Heute haben wir nur eine kurze Anfahrt und sind nach etwas mehr als einer Stunde in Geisenfeld. Der Parkplatz ist gut ausgeschildert, allerdings etwa 15 min. Fußmarsch vom Eventgelände entfernt. Vor Ort ist alles gut organisiert, die Registrierung und Ausgabe der Startunterlagen erfolgt zügig und auch unser Gepäck sind wir trotz Schlange an der Abgabe schnell los. Die Zeit vergeht wie um Flug und schon stehen wir im Startbereich. Die Anspannung steht nun einigen Teammitgliedern ins Gesicht geschrieben, da wir wissen, dass wir es heute mit einigen knackigen Hindernissen zu tun bekommen…

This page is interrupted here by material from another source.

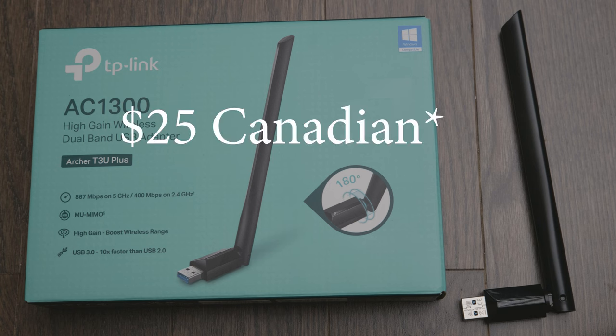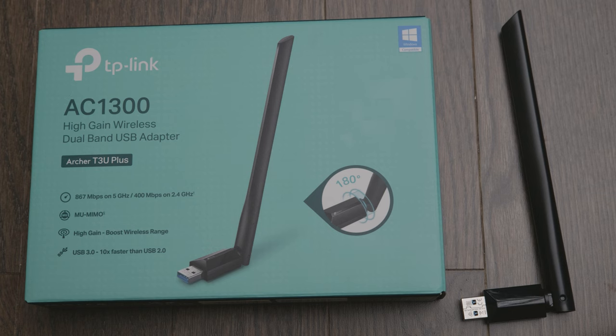Not too expensive at all. My computer's Wi-Fi only works when it wants to, and I've tried uninstalling and reinstalling the adapter. I've tried a lot of things but just couldn't get it to work — it was becoming a headache. So I decided to pick up this Wi-Fi dongle.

Deswegen freuen wir uns im Startblock ein bekanntes Gesicht zu treffen: Anja vom Original Bootcamp Team bringt uns beim Aufwärmen in Stimmung und schickt uns über eine kleine Wall in den Startbereich und los geht’s! Wir laufen durch Trails und überwinden erste kleinere Hindernisse und dann steht sie schon vor uns:  die Power Pipe, eine 4,5m hohe Halfpipe. Dank helfender Hände von oben schaffen wir das Hindernis aber alle gleich beim erstencrew-carry Versuch (Danke Team LAZER 🙂 ).  Die weitere Strecke ist sehr abwechslungsreich, sie führt neben Trails durch das angrenzende Kieswerk, diverse Gewässer/Weiher/Tümpel und über Feldwege. Die Stimmung auf der Strecke ist gut, es herrscht ein freundliches Miteinander und alle Läufer versuchen sich wo es geht gegenseitig zu unterstützen. An zwei Engstellen müssen wir leider etwas anstehen, das ist aber dank strahlendem Sonnenschein kein Problem. Die Hindernisse an sich sind sehr vielfältig, machen Spaß (vor allem die Speed Slide) und einige sind auch sehr herausfordernd. Große Überraschungen gibt es hier aber keine, die Hindernisse sind alle auf der Xletix Homepage aufgelistet.

 

Die Helfer auf der Strecke sind gut gelaunt und motivierend. Sie haben immer Tipps, wie man sich gegenseitig am besten unterstützen kann oder haben auch selbst eine helfenden Hand parat. Was uns aber den ganzen Lauf über nicht klar ist, ist die Sache mit den Strafburpees. Zu Beginn hieß es, sie sind fällig, wenn man ein Hindernis auslässt. Nicole-BurpeeAber auch wenn man es nicht schafft? Auf der Strecke haben wir bis jetzt noch niemanden Burpees machen sehen…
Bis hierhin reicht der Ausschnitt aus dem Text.